「美しいこころをもって」

                                                 町田 雅之
 1898年9月1日、平戸市崎方町の平戸オランダ商館のあった一角に産声をあげた男の子がいた。ちょっと前のものまねブームの頃、『別れのブルース』を歌う淡谷のり子もずいぶんはやったようだが、この「窓をあければ・・・」という歌詞で一躍有名になったのが、この男の子、のちの藤浦洸である。まさか、そこで見えたのが平戸港だと言う人はいまいが、自筆原稿には「本牧ブルース」というタイトルが書かれている。
 平戸市では、その生誕からちょうど100年を迎える1998年9月1日、藤浦洸がともに慶応の出身であることから初代の後援会長をつとめた、ベテラン男声コーラスブループ「ダークダックス」による記念コンサートを実施した。
 ダークダックスは7年前、川棚の我楽多会のお世話を受けて、平戸でのコンサートをしたことがある。そのとき、平戸に到着したメンバーの第一声が「藤浦先生のお生まれになった家はどこですか」であり、この予期しない質問に、私も絶句した覚えがある。現在、生家跡は更地になっている。ただ史跡の指定のため、一切の人為を許されず、簡素な顕彰さえままならない状態であることが、一方ではオランダ商館の復元を願う一人としても、なんとも歯がゆい。
 そして、それほどの足跡を残した人でありながら、その生家どころか、わずかな間にその存在さえ希薄になっているということにもまた愕然とならざるを得ない。このふるさとは、詩を通じて多くの人に感動を与えた一人の存在と、それに代表される芸術への関心を失ってしまったのだろうか。
 共演の後は、ダークダックスによる藤浦洸コーナー。
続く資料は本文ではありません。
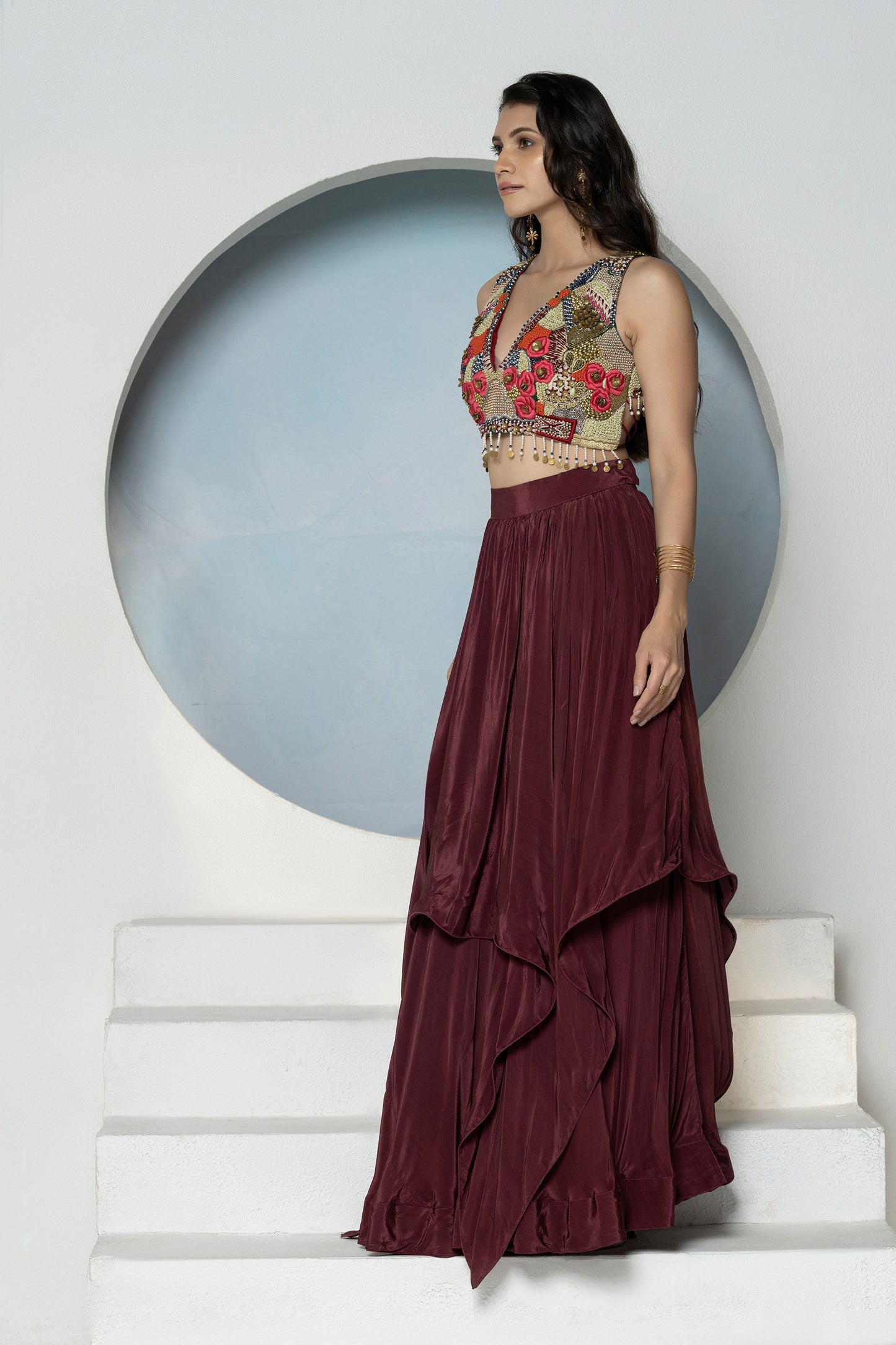Maroon Embroidered 2Piece Crepe Lehenga Set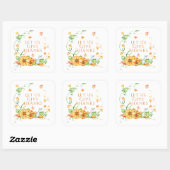 Autumn Watercolor Pumpkin Floral Erntedank Quadratischer Aufkleber (Blatt)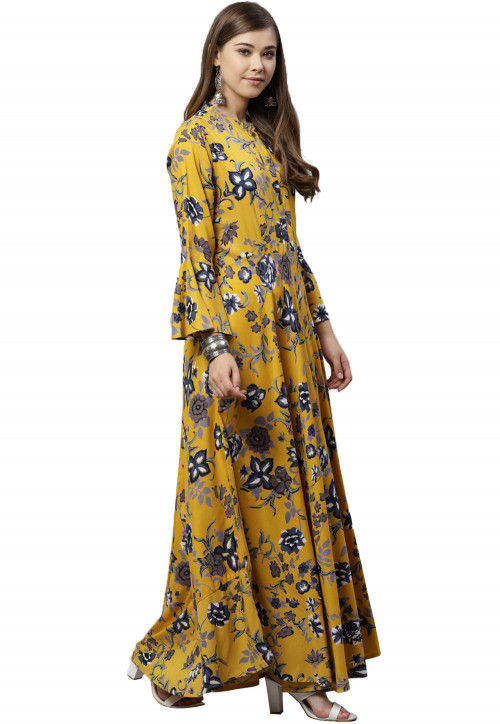 Printed Viscose Rayon Maxi Dress in Mustard : TKV87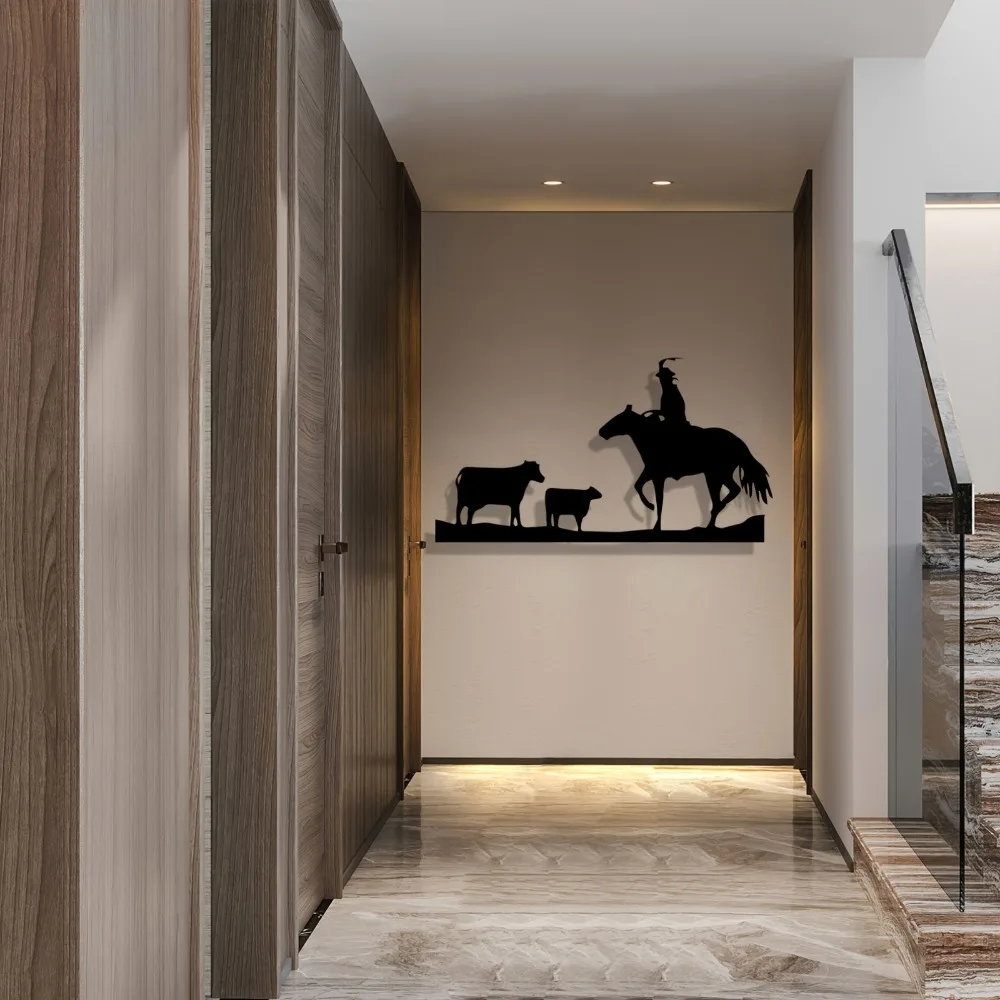 CIFBUY Metal Wall Art 2D Iron Decor Vintage Cowboy Horse Bell Sign With Contour Design For Indoor Outdoor Home Decoration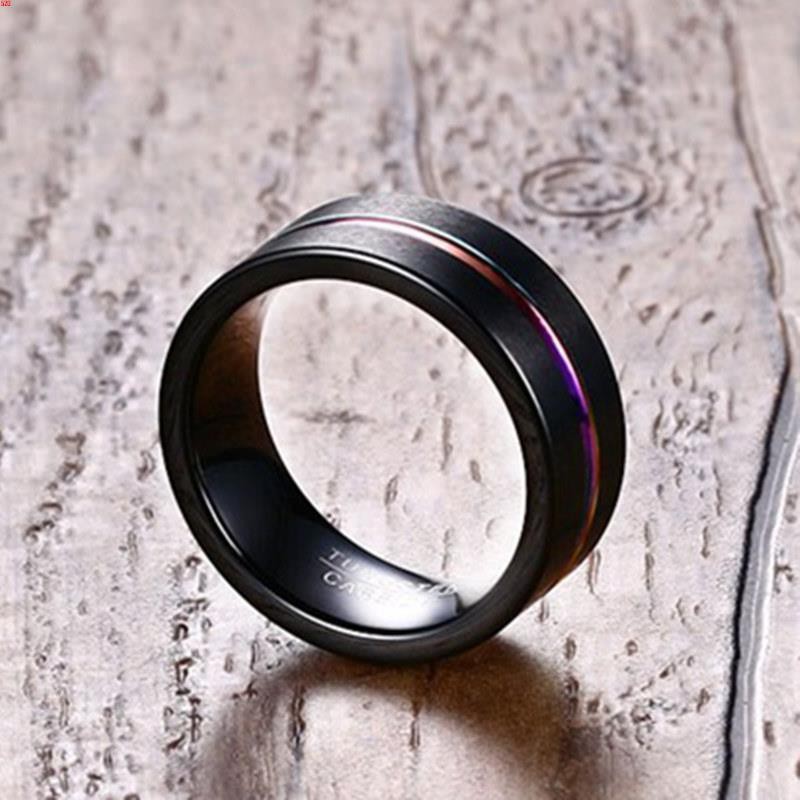 Nhẫn thép vonfram 8mm màu đen thời trang cổ điển cho nam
完全にパッケージ化されていたコンサートの内容が、私たちの予想を越えて変更されていた。それほどに両者の縁は深かったのに違いない。ステージに掲げられた遺影の前で、氏の多くの作品の中から選ばれた「一杯のコーヒーから」「慶応応援歌」「別れのブルース」「水色のワルツ」の4曲が、多くの思い出話しとともに披露された。
 モノやカネが価値のモノサシであることへの疑問はよく聞くようになってきた。癒しの場にふさわしく、自然のみならず、人が創り出したものも含めて、美しいものを愛する心が息づく地域となれるかどうかが、この地域の生き残りの大きな課題ではないかと、氏が訴えているように感じたステージであった。